RUBBERMAID RETIREMENT PLAN FOR
COLLECTIVELY-BARGAINED ASSOCIATES
Dated: June 23, 1997
/s/ William R. Connor
----------------------------------
William R. Connor
<PAGE> 3
[KPMG PEAT MARWICK LLP LETTERHEAD]
INDEPENDENT AUDITORS' CONSENT
-----------------------------
The Board of Directors
Rubbermaid Incorporated:
We consent to incorporation by reference in the registration statement (No.

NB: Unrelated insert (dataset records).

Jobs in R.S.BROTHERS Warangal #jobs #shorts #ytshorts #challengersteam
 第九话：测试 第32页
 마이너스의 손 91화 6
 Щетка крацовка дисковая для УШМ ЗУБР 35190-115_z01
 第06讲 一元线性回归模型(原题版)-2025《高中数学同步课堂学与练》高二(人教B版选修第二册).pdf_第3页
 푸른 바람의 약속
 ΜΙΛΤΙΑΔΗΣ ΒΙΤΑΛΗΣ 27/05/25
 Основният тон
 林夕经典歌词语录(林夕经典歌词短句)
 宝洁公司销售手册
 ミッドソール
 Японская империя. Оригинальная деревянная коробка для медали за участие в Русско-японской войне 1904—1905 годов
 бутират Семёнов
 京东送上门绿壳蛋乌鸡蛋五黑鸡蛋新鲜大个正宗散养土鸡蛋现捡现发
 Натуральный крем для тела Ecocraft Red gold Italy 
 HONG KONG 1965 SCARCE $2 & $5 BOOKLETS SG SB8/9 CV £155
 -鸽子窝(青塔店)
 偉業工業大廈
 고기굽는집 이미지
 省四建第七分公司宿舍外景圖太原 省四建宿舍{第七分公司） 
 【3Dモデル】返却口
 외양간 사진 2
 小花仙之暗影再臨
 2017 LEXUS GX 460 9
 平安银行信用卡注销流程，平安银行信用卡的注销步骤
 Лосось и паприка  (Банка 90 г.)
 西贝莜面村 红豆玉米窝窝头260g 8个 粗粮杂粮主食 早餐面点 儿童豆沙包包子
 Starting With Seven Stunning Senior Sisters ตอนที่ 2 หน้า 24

33-61817) on Form S-8 of Rubbermaid Incorporated of our report dated June 13,
1997, relating to the statements of assets available for benefits of Rubbermaid
Retirement Plan for Collectively-Bargained Associates as of December 31, 1996
and 1995, and the related statement of changes in assets available for benefits
for the year ended December 31, 1996, which report appears in the December 31,
1996 annual report on Form 11-K of Rubbermaid Incorporated.
KPMG Peat Marwick LLP
/s/ KPMG Peat Marwick LLP
Cleveland, Ohio
June 19, 1997
<PAGE> 4
KPMG
The Global Leader
RUBBERMAID RETIREMENT PLAN FOR
COLLECTIVELY-BARGAINED ASSOCIATES
Financial Statements
December 31, 1996 and 1995
(With Independent Auditors' Report Thereon)
<PAGE> 5
RUBBERMAID RETIREMENT PLAN FOR
COLLECTIVELY-BARGAINED ASSOCIATES
Table of Contents
-----------------
Independent Auditors' Report
Statements of Assets Available for Benefits, with Fund Information
December 31, 1996 and 1995
Statement of Changes in Assets Available for Benefits, with Fund Information
Year ended December 31, 1996
Notes to Financial Statements
<PAGE> 6
[KPMG PEAT MARWICK LLP LETTERHEAD]
INDEPENDENT AUDITORS' REPORT
----------------------------
Plan Administrator of
Rubbermaid Retirement Plan for
Collectively-Bargained Associates:
We have audited the accompanying statements of assets available for benefits of
the Rubbermaid Retirement Plan for Collectively-Bargained Associates (Plan) as
of December 31, 1996 and 1995, and the related statement of changes in assets
available for benefits for the year ended December 31, 1996. These financial
statements are the responsibility of the Plan's management. Our responsibility
is to express an opinion on these financial statements based on our audits.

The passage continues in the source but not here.